The Defense Department’s highest ranking officer in the Pacific visited Joint Base Lewis-McChord on Friday to get battle-hardened Iraq and Afghanistan veterans thinking about new challenges as diverse as climate change and rising Asian powers.
Navy Adm. Samuel Locklear’s trip sent another signal in the Pentagon’s shift in focus from wars in the Middle East to emerging threats and neglected alliances in other parts of the world.
“We can’t stay Middle East-focused forever,” Locklear, commander of U.S. Pacific Command, told Lewis-McChord’s I Corps.
The base supplied about 10,000 soldiers a year to Iraq and Afghanistan for much of the past decade. About 5,000 Lewis-McChord soldiers are in Afghanistan today, but most should be home by August.
With the wars ending, the Pentagon assigned new responsibilities to the I Corps under Locklear’s command. That means local soldiers will be expected to respond to humanitarian crises in South Asia, nurture relationships with allied armies and work to prevent large-scale conflicts from unfolding.
Locklear told I Corps soldiers that a complex Pacific environment calls on them to prepare for:
• A warming planet causing the rise of sea levels and destabilizing Pacific countries.
• Violent extremist groups, such as ones that have carried out terrorist attacks in India and the Philippines.
• International narcotics smugglers and human traffickers.
• A nuclear-armed North Korea.
His forward-looking speech urged soldiers to study up on their new territory and to look at how the region might change in the near future.

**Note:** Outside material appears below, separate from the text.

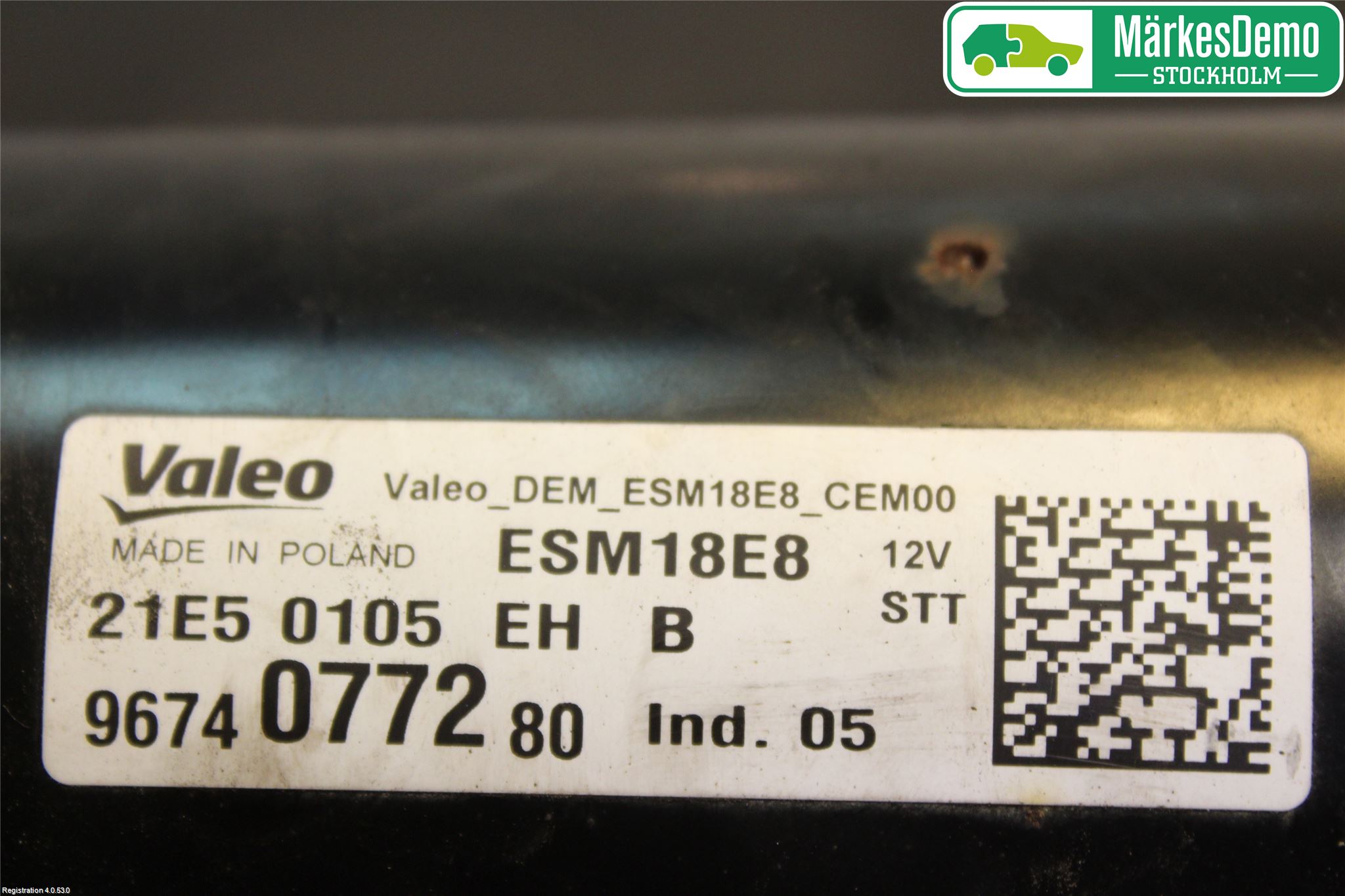 Peugeot 308 14-21 Startmotor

For instance, climate change could make some coastal areas uninhabitable and exacerbate natural disasters.
“The world is getting warmer,” he said. “When you potentially have millions of people impacted by weather and climate change, that’s going to have a potentially significant impact on security.”

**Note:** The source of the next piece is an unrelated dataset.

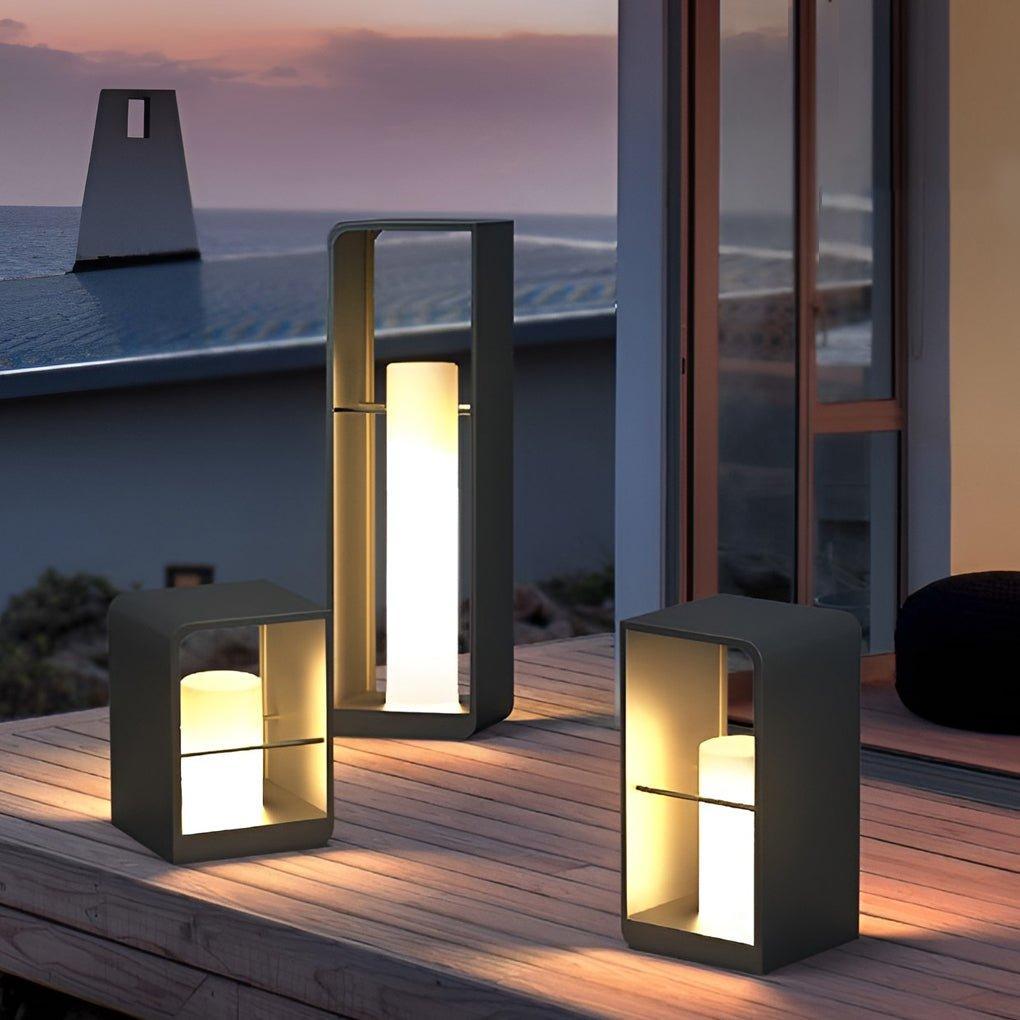 Solar Path Light Stainless Steel Outdoor Waterproof With Automatic Functionality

So far, the Pentagon is protecting Lewis-McChord’s new task in the Pacific from budget cuts. Lewis-McChord soldiers over the next 12 months are on course to carry out exercises in Australia, the Philippines, Thailand, Singapore, South Korea and Japan.
The fact that the exercises still are scheduled to take place despite the threat of looming budget cuts shows the value the Defense Department places on Lewis-McChord’s work in the Pacific, I Corps commander Lt. Gen. Robert Brown said earlier this week in a briefing that led up to Locklear’s visit.

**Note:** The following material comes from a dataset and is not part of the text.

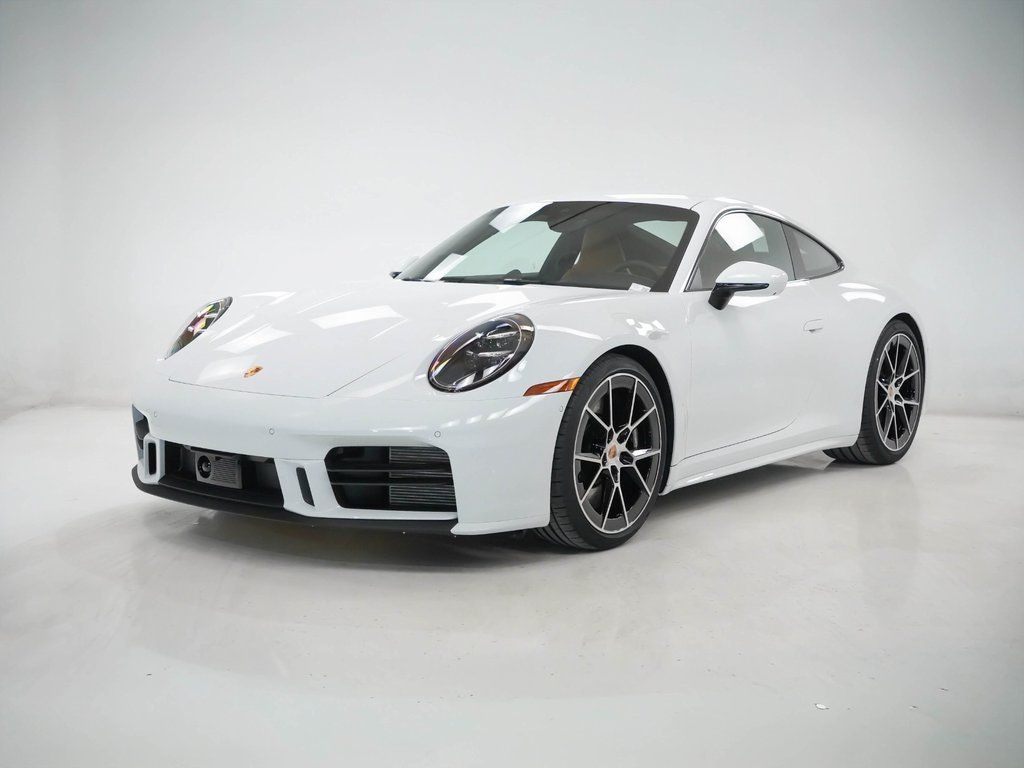 Certified 2026 Porsche 911 Carrera S Coupe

“You might think this is routine and normal,” he said. “In this environment, nothing is routine and normal.”
Those exercises in Pacific nations often fell to Fort Lewis soldiers in the past. Recently, though, Iraq and Afghanistan took precedence and units from other stations filled in at the Pacific drills.
Locklear’s visit came at the end of a week of classes that I Corps soldiers took to prepare for their exercise in Australia this summer. The drill will call on them to overcome an enemy and then stabilize a local population.
The idea is to incorporate a traditional battle plan with lessons learned from the long wars in Iraq and Afghanistan about interacting with civilians.
“You will hear we’re going to get back to basics, but I would submit to you that the basics have changed,” Brown said.
Locklear spoke for about 40 minutes and then took questions from I Corps soldiers who put him on the spot about nuclear proliferation, U.S. partnerships with India, Japan’s strengthening military and Chinese cyber attacks.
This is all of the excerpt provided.